▸ **RECORDED DATA**:
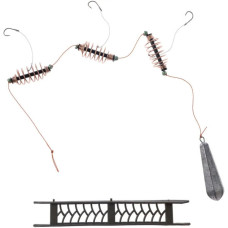 Оснащення X-Fish "Вбивця карася" на мотовилі 50g (1917.00.36)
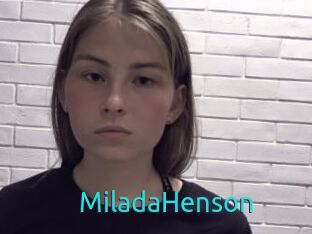 MiladaHenson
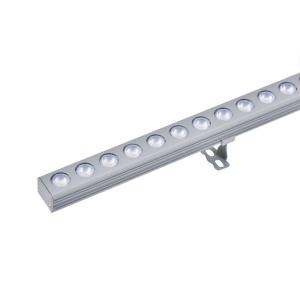 China Outdoor Asymmetric Wall Washer Illuminate LED Wall Wash Recessed Lighting factory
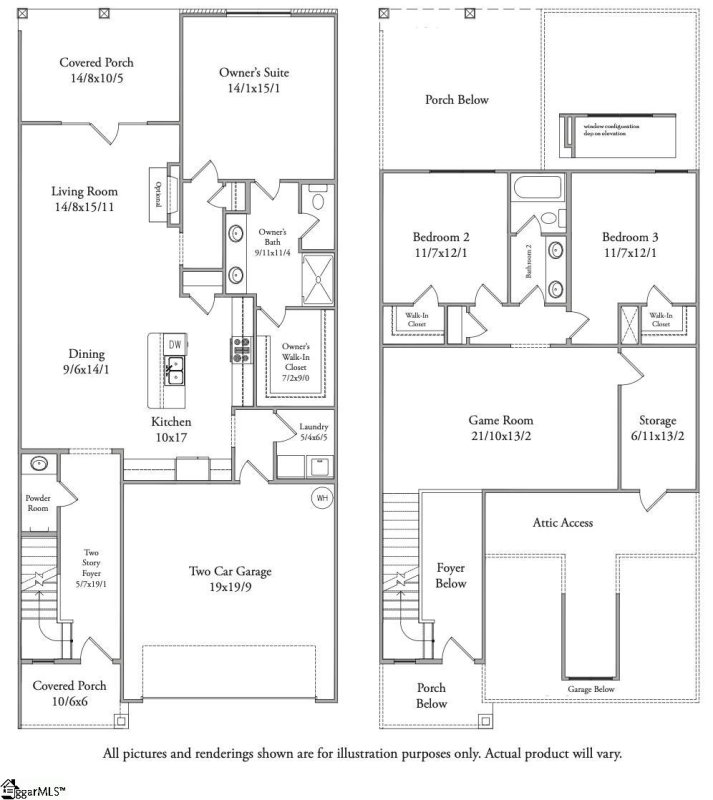 Property image 3 at 16 Hensley Road, Greenville, SC 29607
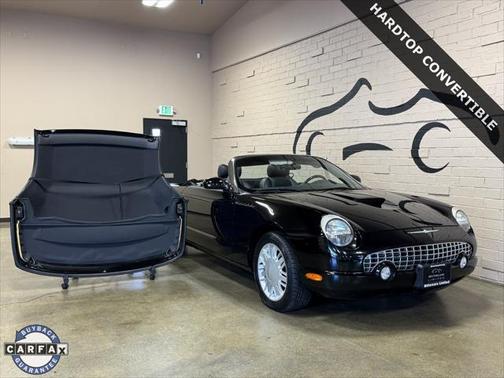 2002 Ford Thunderbird Base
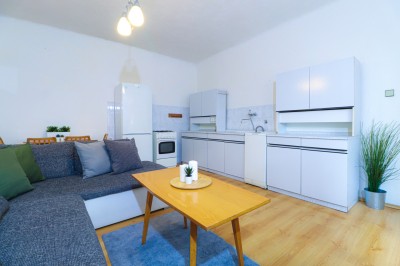 Prodej řadového rodinného domu 100 m2,  pozemek 391 m2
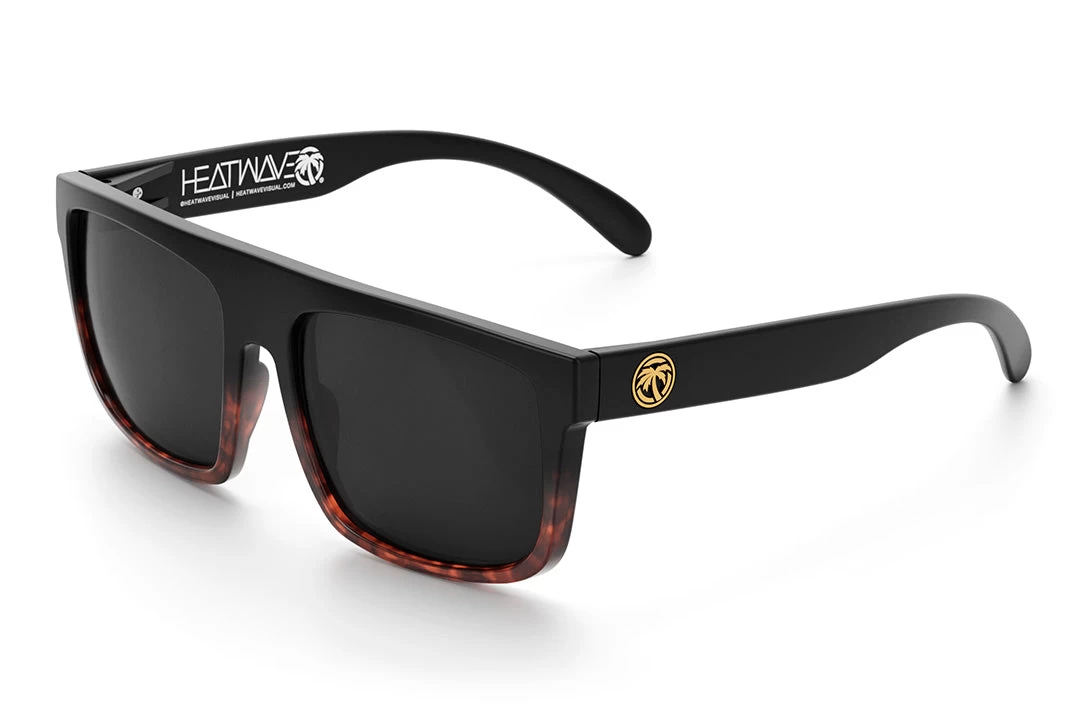 Regulator Sunglasses: Whiskey Faders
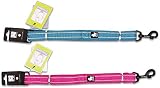 Truelove TRUE LOVE Dog Leash Padded Reflective 110cm Blue M TLL2111 view 8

▸ **YOUR OBJECTIVE**: The output must start at the line holding "MiladaHenson", end at the last line of the listing above, and show each line exactly; please omit all pictures.

▸ **ANSWER SECTION**:
 MiladaHenson
 China Outdoor Asymmetric Wall Washer Illuminate LED Wall Wash Recessed Lighting factory
 Property image 3 at 16 Hensley Road, Greenville, SC 29607
 2002 Ford Thunderbird Base
 Prodej řadového rodinného domu 100 m2,  pozemek 391 m2
 Regulator Sunglasses: Whiskey Faders
 Truelove TRUE LOVE Dog Leash Padded Reflective 110cm Blue M TLL2111 view 8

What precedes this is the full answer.